That's the downside for an average business C# developer.

Now the upside is (potentially) faster code. In certain conditions on certain hardware.

I appreciate these memory modes may be familiar to C++ devs, and may be very cool and awesome — but they are unbounded downside risk for the majority of C# developers.

That is why the feature should be very cool and useful, but not advertise ultra-low-level features to normal-level C# developers for quick try.
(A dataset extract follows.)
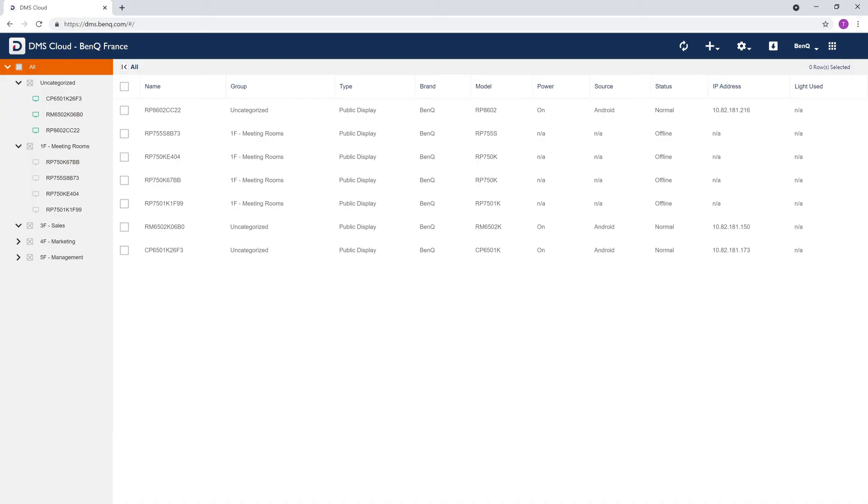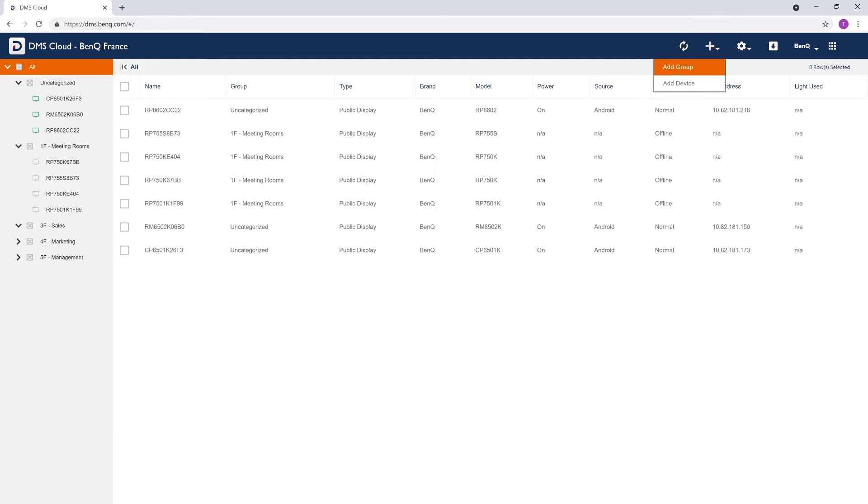Then you can either right-click on the device tree and select New Group, or click the plus icon and then Add Group.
I have suggested a syntax that achieves exactly that goal. Sure, it's 8 character more to type for performance/hardware-minded folks, but that's only fair. Keep the knives away from children.

// current API
Interlocked.Increment(ref this.count);

// proposed overload
Interlocked.Increment(
  ref this.count,
  MemoryOrder.Relaxed);

// improved API
Interlocked.Ordered.Increment(
  ref this.count,
  Interlocked.Ordered.MemoryOrder.Relaxed);

Do you see how it would still participate in code completion and easy typing? Yet it is way more explicit and self-documenting in any code review? That's intentional.
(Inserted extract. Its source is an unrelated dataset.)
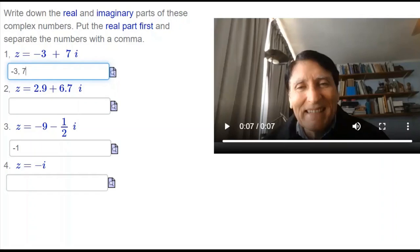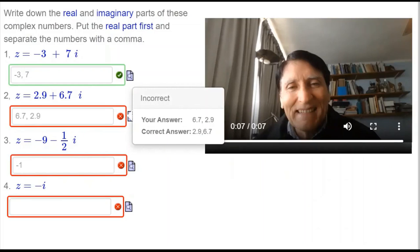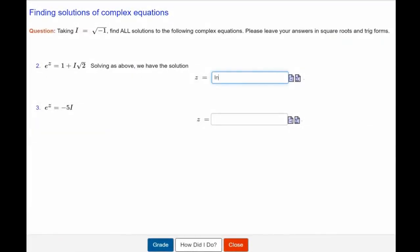Now it might happen that you enter the wrong answer. For example, you enter 6.7 first and then 2.9 later in the second case. Or you may enter something randomly because you don't know the answer at all, or you might not enter anything. The system allows you to verify your answers. If you take your cursor to the red mark, it will show you your answer which was wrong and the correct answer.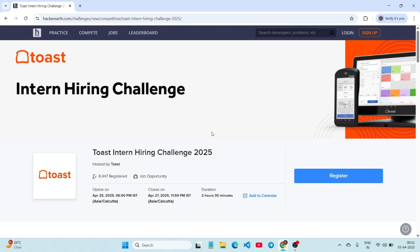Hey everyone, if you are a student looking for a great internship opportunity, here is something exciting for you. Toast is hiring interns through a challenge on Hacker Earth. In this video, I will explain everything you need to know about the Toast Intern Hiring Challenge 2025, the process, eligibility and how you can apply.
For the higher-level reasoning about this kind of tough API cases, please refer to the famous Pit of Success idea. API should guide people towards best practice, not just serve as a broad menu of options.
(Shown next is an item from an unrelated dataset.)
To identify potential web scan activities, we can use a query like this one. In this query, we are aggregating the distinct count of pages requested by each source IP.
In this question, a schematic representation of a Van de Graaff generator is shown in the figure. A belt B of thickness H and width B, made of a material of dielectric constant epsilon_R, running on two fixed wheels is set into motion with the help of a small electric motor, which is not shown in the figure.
stephentoub commented 6 years ago

@mihailik, I hear your concerns, but I also agree with everyone who's suggested these be overloads. It is very common in .NET for overloads to provide additional arguments that allow for someone who knows what they're doing to express more control over the behavior of the operation. Even something as simple as int.Parse, for example, does this. There's the basic int.Parse(string), but if you know what you're doing you can provide a NumberStyle as an argument to tweak how the parsing operation behaves. This is no different. The simple overload of Interlocked.Increment, for example, provides the general behavior we all know and use today, but if you know what you're doing and want more control, you can opt-in to explicitly providing additional arguments to tweak the behavior. I actually think your proposal would lead to more confusion and a higher liklihood that developers who "shouldn't" be using the options would.

mihailik commented 6 years ago

@stephentoub the difference is that incorrect NumberFormat is easy to notice, easy to debug, trivial to test.

Incorrect MemoryOrder is extremely hard to notice, test and endless torture to debug.

BTW, no attachment to specific syntax — as long as the concern is taken into account.

mihailik commented 6 years ago

BTW would you mind using ArrayList.SyncRoot as a straw man here: suggest an improvement with new MemoryOrder and let's see how hard it is to reason about it.

I put it to you, that a general C# developer will not be able to code-review such change.

stephentoub commented 6 years ago

Incorrect MemoryOrder is extremely hard to notice, test and endless torture to debug.

It's trivial to spot in a code review or in code where it shouldn't be. And if you want to outlaw it in a codebase, it's trivial to do so with a Roslyn analyzer. It also takes very explicit action to use: if a developer doesn't know what it means, why would they explicitly type ", MemoryOrder.Acquire"? And if they believe they know what it means and are desiring to use it, then it doesn't matter how it's exposed, they're going to try to use it.

BTW would you mind using ArrayList.SyncRoot as a straw man here: suggest an improvement with new MemoryOrder and let's see how hard it is to reason about it.

I do not understand the comparison. SyncRoot is very high level as far as synchronization goes; if you're using that, you're not going to be replacing it with any usage of Interlocked, regardless of this new MemoryOrder argument. If you are replacing it, you better know what you're doing, going from lock-based code to lock-free code, again regardless of this whole proposal.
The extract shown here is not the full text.